Oser : des méthodes audacieuses, une parole inchangée

Jésus enseignait avec des paraboles tirées du quotidien de ses auditeurs : semailles, vignes, brebis perdues. Il parlait leur langage. Aujourd’hui, le quotidien des jeunes, c’est un écran, une story Instagram, une conversation WhatsApp. Si nous voulons les atteindre, nous devons inventer les paraboles de notre temps. Et les jeunes sont les mieux placés pour le faire.

Cela ressemble à un(e) jeune qui partage en story des questions existentielles auprès de ses 800 abonnés. Pas un sermon filmé, mais des conversations qui ouvrent la porte à l’Évangile. Le pasteur ne comprend pas tous ses codes, mais il a eu l’humilité de dire : « Vas-y. Je prie pour toi et je suis là. »

Cela ressemble à des jeunes adultes qui lancent des soirées Questions sans filtre dans un appartement : pas de pupitre, pas de PowerPoint, juste des coussins, du thé, et une règle, toutes les questions sont permises. Identité, sexualité, souffrance, silence de Dieu. Ils ne prétendent pas avoir toutes les réponses, mais ils ont la crédibilité de ceux qui vivent les mêmes combats. Quand ils répondent avec les Écritures, ce n’est pas un discours institutionnel : c’est un témoignage. La différence est immense.

Les méthodes changent, le message demeure. Nous ne rendons pas la Bible pertinente, elle l’est déjà. Elle offre ce que le monde ne peut donner : une identité fondée sur le regard de Dieu (Éphésiens 2/10 ; Galates 3/28), une compréhension du monde ancrée dans le Dieu de la vie (Jean 17/3). C’est cela l’audace à laquelle Christ nous appelle : non pas adapter le message au goût du monde, mais incarner la Parole éternelle dans les formes vivantes de notre temps.

Un acte de foi

Nous avons vu le terrain : une génération angoissée mais assoiffée de sens. Nous avons nommé le frein : notre difficulté à lâcher le contrôle. Nous avons entrevu le chemin : des méthodes audacieuses, incarnées, contemporaines.

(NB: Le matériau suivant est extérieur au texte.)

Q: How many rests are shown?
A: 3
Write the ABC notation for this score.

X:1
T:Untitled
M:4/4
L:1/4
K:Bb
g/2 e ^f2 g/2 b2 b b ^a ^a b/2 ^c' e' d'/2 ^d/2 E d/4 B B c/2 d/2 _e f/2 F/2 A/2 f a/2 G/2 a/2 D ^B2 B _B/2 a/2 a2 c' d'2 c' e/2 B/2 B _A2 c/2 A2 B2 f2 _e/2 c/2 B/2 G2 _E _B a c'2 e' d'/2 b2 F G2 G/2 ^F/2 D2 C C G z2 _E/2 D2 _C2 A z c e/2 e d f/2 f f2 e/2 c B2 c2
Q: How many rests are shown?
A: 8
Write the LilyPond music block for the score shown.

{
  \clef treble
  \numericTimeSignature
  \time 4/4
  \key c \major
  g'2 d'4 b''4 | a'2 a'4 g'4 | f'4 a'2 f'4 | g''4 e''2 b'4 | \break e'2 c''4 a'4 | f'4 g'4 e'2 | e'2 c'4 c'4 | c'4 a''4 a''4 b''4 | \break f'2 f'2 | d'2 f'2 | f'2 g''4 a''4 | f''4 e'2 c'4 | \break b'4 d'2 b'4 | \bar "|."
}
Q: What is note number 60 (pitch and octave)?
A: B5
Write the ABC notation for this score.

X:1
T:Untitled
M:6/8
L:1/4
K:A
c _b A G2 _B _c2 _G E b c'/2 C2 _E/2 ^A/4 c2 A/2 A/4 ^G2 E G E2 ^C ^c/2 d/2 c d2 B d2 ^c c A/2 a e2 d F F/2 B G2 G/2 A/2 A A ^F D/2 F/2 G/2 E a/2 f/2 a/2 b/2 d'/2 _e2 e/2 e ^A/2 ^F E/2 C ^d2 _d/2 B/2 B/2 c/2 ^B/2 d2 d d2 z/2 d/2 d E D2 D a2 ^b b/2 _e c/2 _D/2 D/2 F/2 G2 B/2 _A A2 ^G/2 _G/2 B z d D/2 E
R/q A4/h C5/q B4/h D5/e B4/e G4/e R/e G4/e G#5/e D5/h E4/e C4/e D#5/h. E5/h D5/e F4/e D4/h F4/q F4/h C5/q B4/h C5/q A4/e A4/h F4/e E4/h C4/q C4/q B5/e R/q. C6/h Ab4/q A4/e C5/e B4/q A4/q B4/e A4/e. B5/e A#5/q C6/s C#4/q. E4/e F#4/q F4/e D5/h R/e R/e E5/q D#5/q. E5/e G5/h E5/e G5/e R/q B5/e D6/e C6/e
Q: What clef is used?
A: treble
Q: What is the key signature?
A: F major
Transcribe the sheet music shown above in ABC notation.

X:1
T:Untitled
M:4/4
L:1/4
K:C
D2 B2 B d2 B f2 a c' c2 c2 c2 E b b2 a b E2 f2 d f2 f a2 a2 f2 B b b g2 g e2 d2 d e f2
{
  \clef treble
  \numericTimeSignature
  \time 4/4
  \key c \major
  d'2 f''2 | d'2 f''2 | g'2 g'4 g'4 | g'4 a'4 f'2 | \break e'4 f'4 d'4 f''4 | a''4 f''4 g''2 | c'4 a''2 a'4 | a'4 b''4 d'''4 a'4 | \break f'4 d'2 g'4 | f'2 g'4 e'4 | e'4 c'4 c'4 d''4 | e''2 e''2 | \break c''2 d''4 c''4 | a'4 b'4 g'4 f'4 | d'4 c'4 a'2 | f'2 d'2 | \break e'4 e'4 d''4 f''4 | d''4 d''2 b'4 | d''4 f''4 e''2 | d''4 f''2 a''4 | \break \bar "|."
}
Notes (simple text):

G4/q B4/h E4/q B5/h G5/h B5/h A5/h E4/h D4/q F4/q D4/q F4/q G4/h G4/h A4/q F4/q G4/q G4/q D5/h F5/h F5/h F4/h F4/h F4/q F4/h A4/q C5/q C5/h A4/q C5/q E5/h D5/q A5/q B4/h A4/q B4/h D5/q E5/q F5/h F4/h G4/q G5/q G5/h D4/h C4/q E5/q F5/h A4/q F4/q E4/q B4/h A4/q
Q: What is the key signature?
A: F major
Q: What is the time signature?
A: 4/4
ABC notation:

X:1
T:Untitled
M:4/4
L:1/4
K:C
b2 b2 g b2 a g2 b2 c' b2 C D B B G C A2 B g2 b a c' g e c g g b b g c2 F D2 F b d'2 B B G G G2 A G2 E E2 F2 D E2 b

Il ne manque plus qu’une chose : un acte de foi. Croire que le Saint-Esprit qui nous a transformés les transforme aussi, et qu’il est déjà à l’œuvre en eux.

Cessons de préparer les jeunes pour un hypothétique demain. Envoyons-les aujourd’hui. Ils ont la même parole, le même Esprit, la même mission.

Des méthodes nouvelles au service d’une Parole éternelle :
voilà l’audace à laquelle Christ nous appelle, ici et maintenant.